5 Best Ways to Perform Binary Search Bisect in Python

πŸ’‘ Problem Formulation: Binary search is a fast algorithm for finding the position of an element in a sorted array. The bisect operation in Python refers to finding the insertion point for a specified element to maintain the sorted order of the array. Given a sorted array, for example [1, 3, 4, 4, 6, 8, 9], and a target value 4, the desired output would be the index 2 or 3 depending on the search criteria used.

Method 1: Using bisect_left from the bisect module

The bisect_left function from the bisect module helps to find the index of the leftmost position where the target element should be inserted to maintain the sorted order. If the target is already present in the array, bisect_left returns the index of the target’s first occurrence.

Here’s an example:

import bisect

def left_bisect(sorted_array, target):
    return bisect.bisect_left(sorted_array, target)

arr = [1, 3, 4, 4, 6, 8, 9]
target = 4
index = left_bisect(arr, target)
print(index)

Output:

2

This code uses the bisect_left function from the bisect module to determine the first possible position for the number 4 in the sorted list.

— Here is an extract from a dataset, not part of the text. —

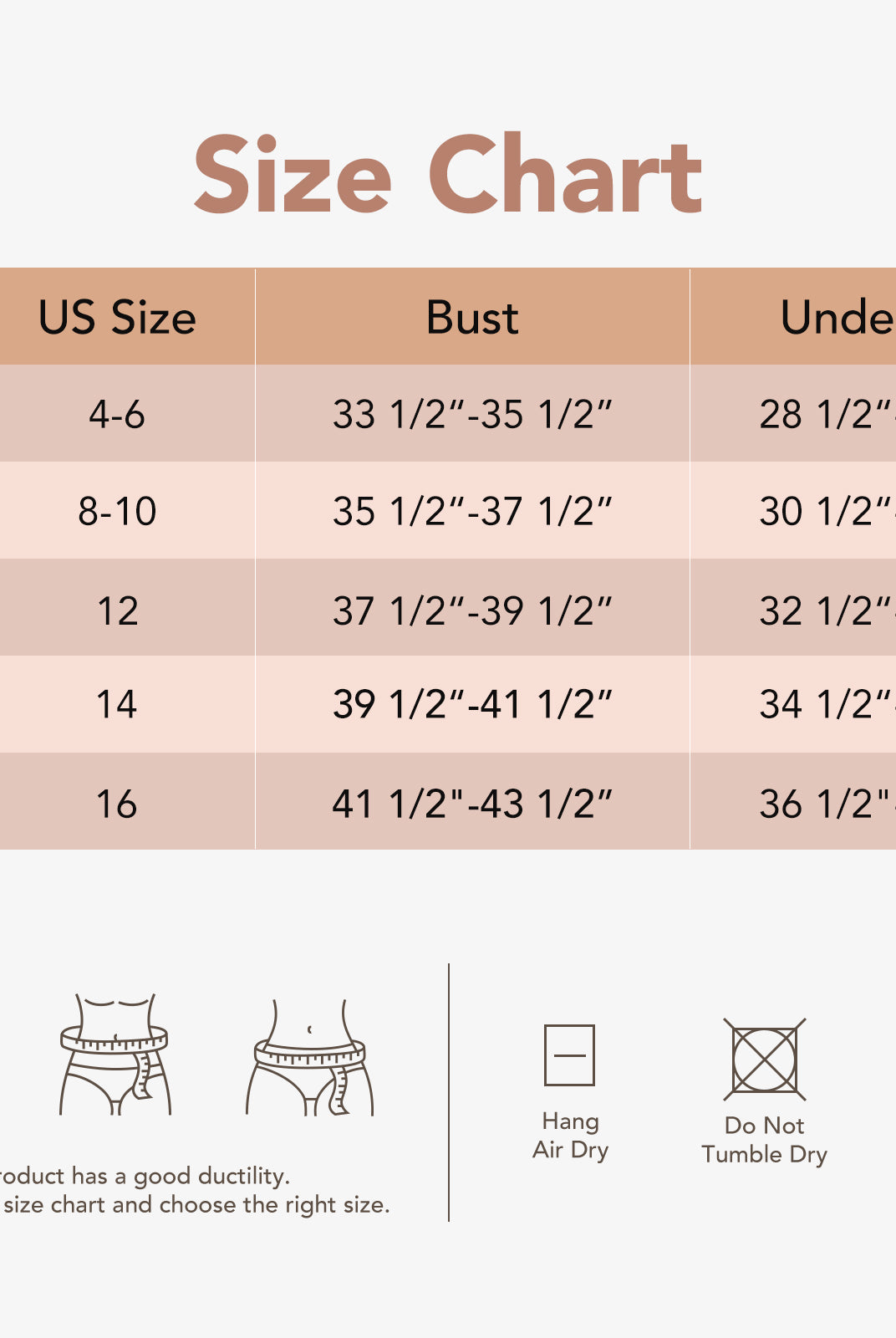 Joyshaper Upper Arm Shaper Chest Brace Up size chart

The result, index 2, indicates that 4 could be inserted before the first occurrence of 4 in the list to maintain sorted order.

Method 2: Using bisect_right from the bisect module

The bisect_right function (also known as bisect.bisect) finds the insertion index to the right of any existing entries. Unlike bisect_left, it returns the index after the last occurrence of the target in the array.

Here’s an example:

import bisect

def right_bisect(sorted_array, target):
    return bisect.bisect_right(sorted_array, target)

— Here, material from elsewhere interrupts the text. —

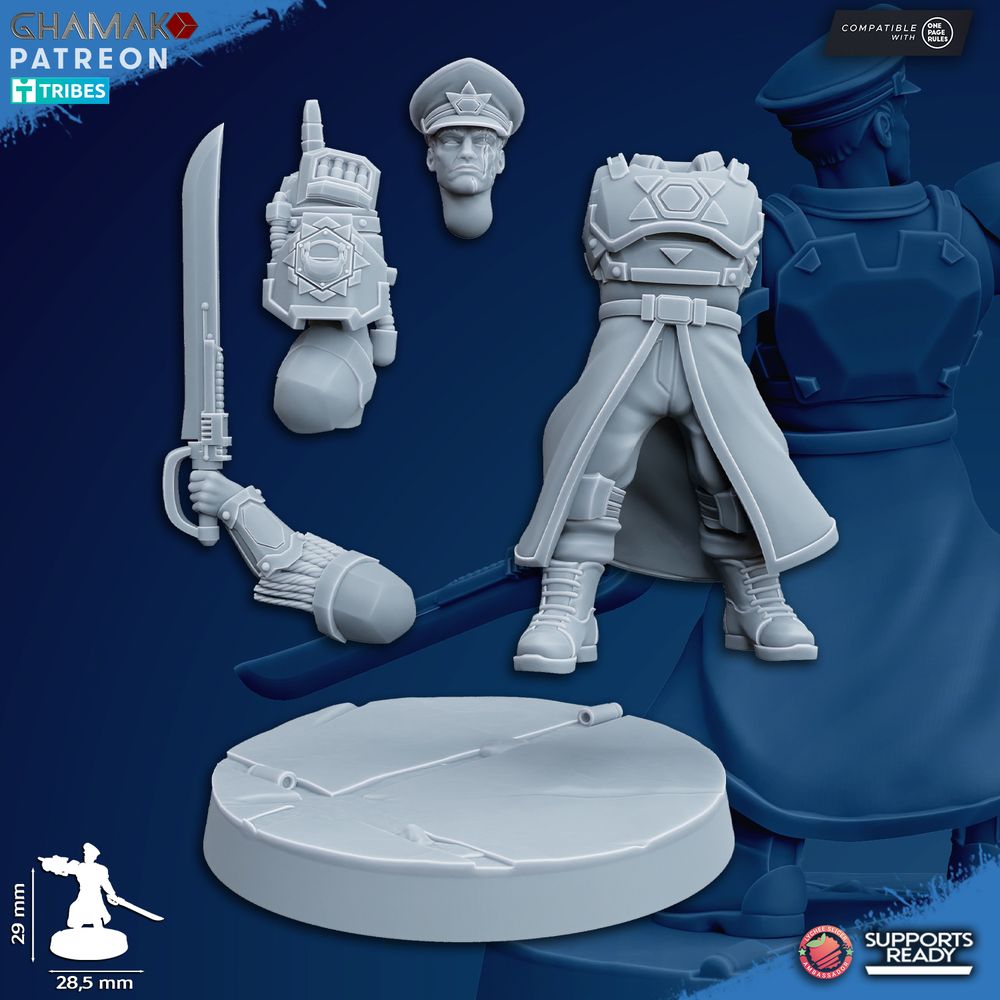 Freedom Guard Commissar, Imperial Army proxy miniature, infantry, 28mm heroic scale unpainted resin, view 2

arr = [1, 3, 4, 4, 6, 8, 9]
target = 4
index = right_bisect(arr, target)
print(index)

Output:

4

The code snippet uses bisect_right to find the latest position where the target number 4 can be inserted into the array while maintaining its sorted state. The result is 4, showing that 4 can be placed after the last occurrence of 4 in the array.

Method 3: Writing a manual binary search

A manual binary search can be implemented in Python without any external libraries. This method gives flexibility and control over the iteration and comparison process, which can sometimes be necessary for specific requirements.

Here’s an example:

def manual_bisect(sorted_array, target):
    left, right = 0, len(sorted_array) - 1
    while left <= right:
        mid = (left + right) // 2
        if sorted_array[mid]  target:
            right = mid - 1
        else:
            return mid
    return left

arr = [1, 3, 4, 4, 6, 8, 9]
target = 4
index = manual_bisect(arr, target)
print(index)

Output:

2

This custom function simulates binary search by using a while loop to narrow the search domain until the target is found or the domain is empty. In this case, it returns index 2 where the target value 4 is first found in the array.

Method 4: Using numpy.searchsorted for large datasets

For those working with large datasets, NumPy’s searchsorted method provides a more performant binary search, especially for arrays stored in NumPy’s optimized data structures.

Here’s an example:

import numpy as np

def numpy_searchsorted(sorted_array, target):
    return np.searchsorted(sorted_array, target, side='left')

arr = np.array([1, 3, 4, 4, 6, 8, 9])
target = 4
index = numpy_searchsorted(arr, target)
print(index)

Output:

2

The example demonstrates the use of NumPy’s searchsorted function with the side='left' argument to mimic the behavior of bisect_left. The result is the same as the standard library’s equivalent, but this method could be considerably faster on large arrays due to NumPy’s optimizations.

Bonus One-Liner Method 5: Using list comprehensions

A list comprehension with a clever condition can also be used to find an insertion point index using pure Python, without any additional modules.

Here’s an example:

arr = [1, 3, 4, 4, 6, 8, 9]
target = 4
index = next((i for i, x in enumerate(arr) if x >= target), len(arr))
print(index)

Output:

2

This one-liner employs a generator within a list comprehension to iterate through the sorted array and find the position where our target or the next higher number appears. If the target isn’t found and the generator is exhausted, it defaults to returning the length of the array.

Summary/Discussion

  • Method 1: bisect_left. Good for simple left-bound searches. May not perform well with unsorted arrays and doesn’t handle custom compare functions.
  • Method 2: bisect_right. Useful when duplicates are present and you need the position after the last occurrence. Like Method 1, it requires sorting and cannot handle complex comparison functions.
  • Method 3: Manual binary search. Offers full control over comparison logic. Potentially more error-prone and verbose compared to using a library.
  • Method 4: numpy.searchsorted. Best for large datasets due to NumPy’s efficiency. However, it requires the NumPy library, which can be overkill for simple tasks.
  • Method 5: List comprehension one-liner. A creative way to perform the task in a single line of pythonic code. Readability might suffer, and performance can be an issue for large datasets.